--- What to do ---
Below are some records. Return exactly their lines from the one containing "구찌 홀스빗 1955" through the one containing "Portable Travel Garment", and drop the pictures.

--- Records to process ---
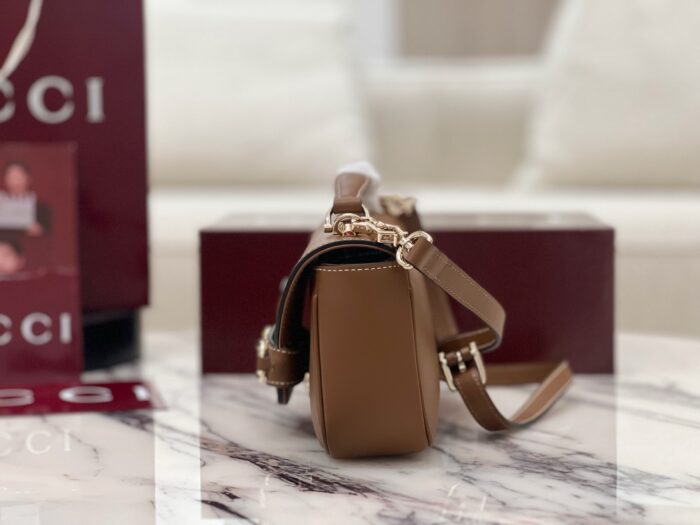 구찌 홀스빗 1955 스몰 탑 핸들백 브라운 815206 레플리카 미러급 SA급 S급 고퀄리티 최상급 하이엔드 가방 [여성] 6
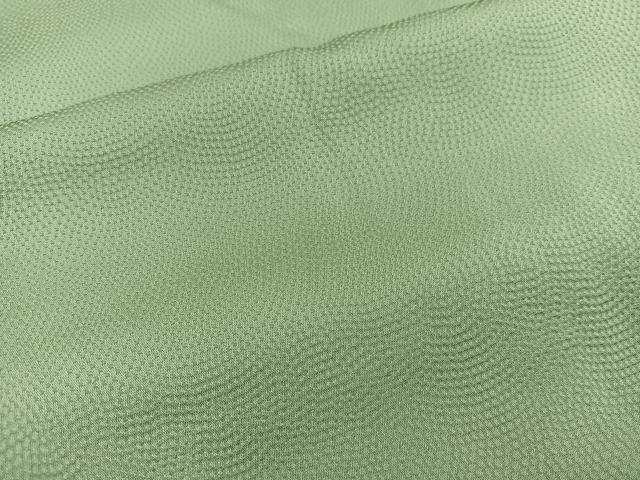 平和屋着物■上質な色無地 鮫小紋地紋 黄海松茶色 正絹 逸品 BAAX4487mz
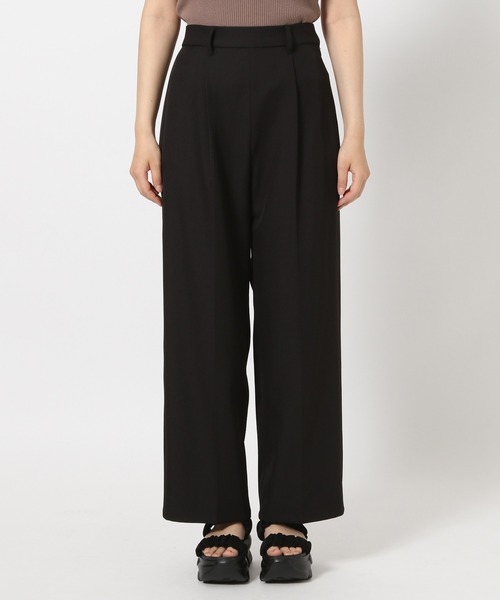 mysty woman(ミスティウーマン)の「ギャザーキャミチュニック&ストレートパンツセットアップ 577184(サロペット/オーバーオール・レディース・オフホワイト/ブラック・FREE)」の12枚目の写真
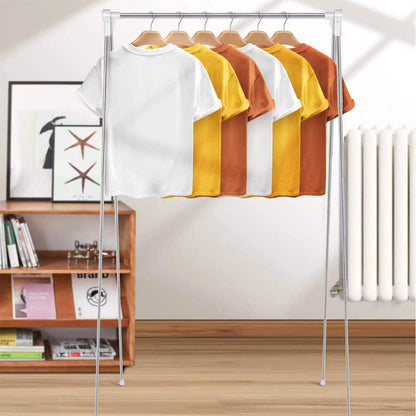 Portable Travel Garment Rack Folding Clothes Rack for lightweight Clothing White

...

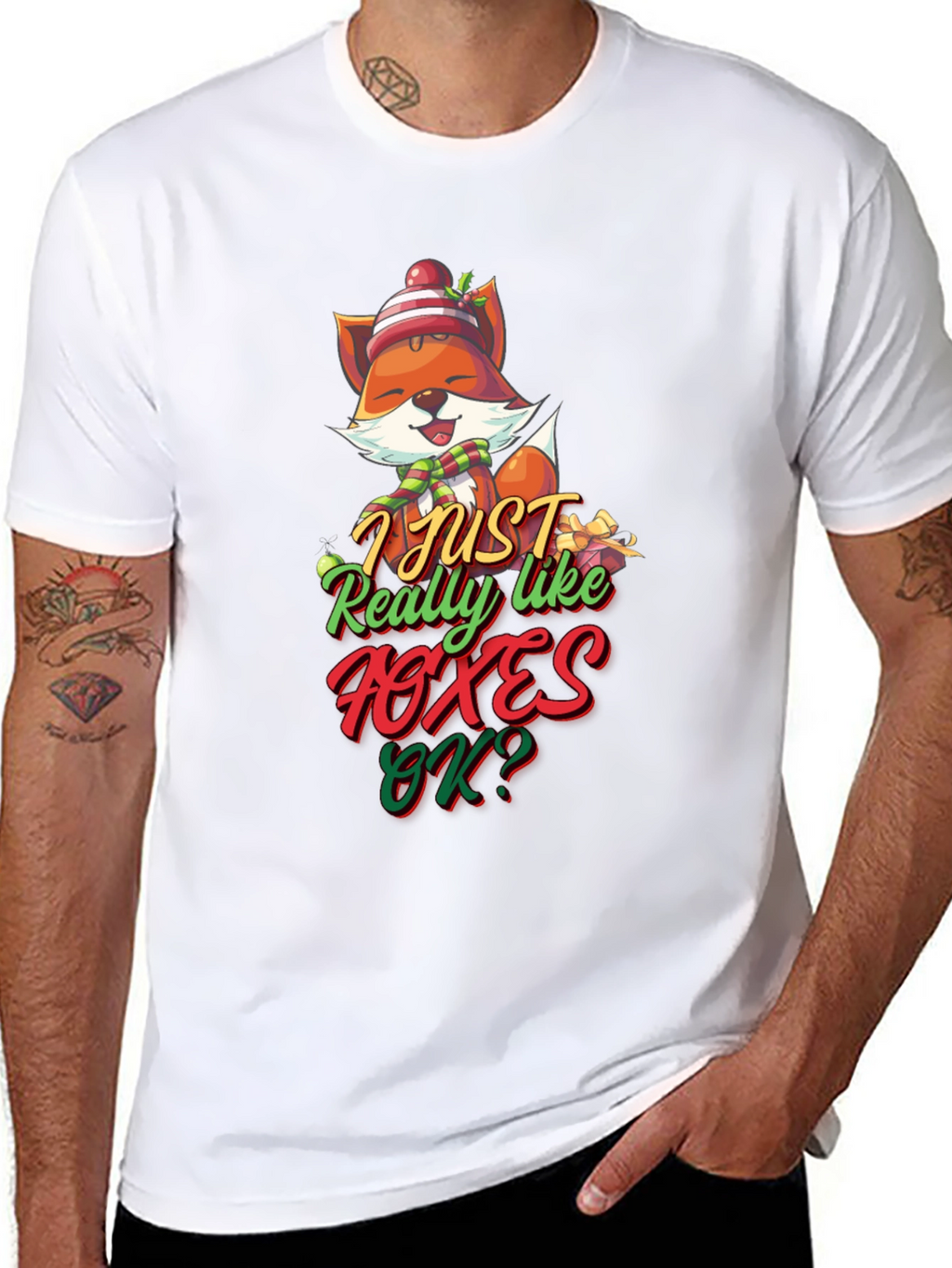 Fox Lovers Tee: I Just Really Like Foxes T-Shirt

* * *

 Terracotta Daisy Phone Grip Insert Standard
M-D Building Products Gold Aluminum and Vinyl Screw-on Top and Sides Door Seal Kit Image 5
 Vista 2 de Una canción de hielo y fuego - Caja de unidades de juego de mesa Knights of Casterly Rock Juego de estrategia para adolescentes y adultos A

--- Task response ---
 구찌 홀스빗 1955 스몰 탑 핸들백 브라운 815206 레플리카 미러급 SA급 S급 고퀄리티 최상급 하이엔드 가방 [여성] 6
 平和屋着物■上質な色無地 鮫小紋地紋 黄海松茶色 正絹 逸品 BAAX4487mz
 mysty woman(ミスティウーマン)の「ギャザーキャミチュニック&ストレートパンツセットアップ 577184(サロペット/オーバーオール・レディース・オフホワイト/ブラック・FREE)」の12枚目の写真
 Portable Travel Garment Rack Folding Clothes Rack for lightweight Clothing White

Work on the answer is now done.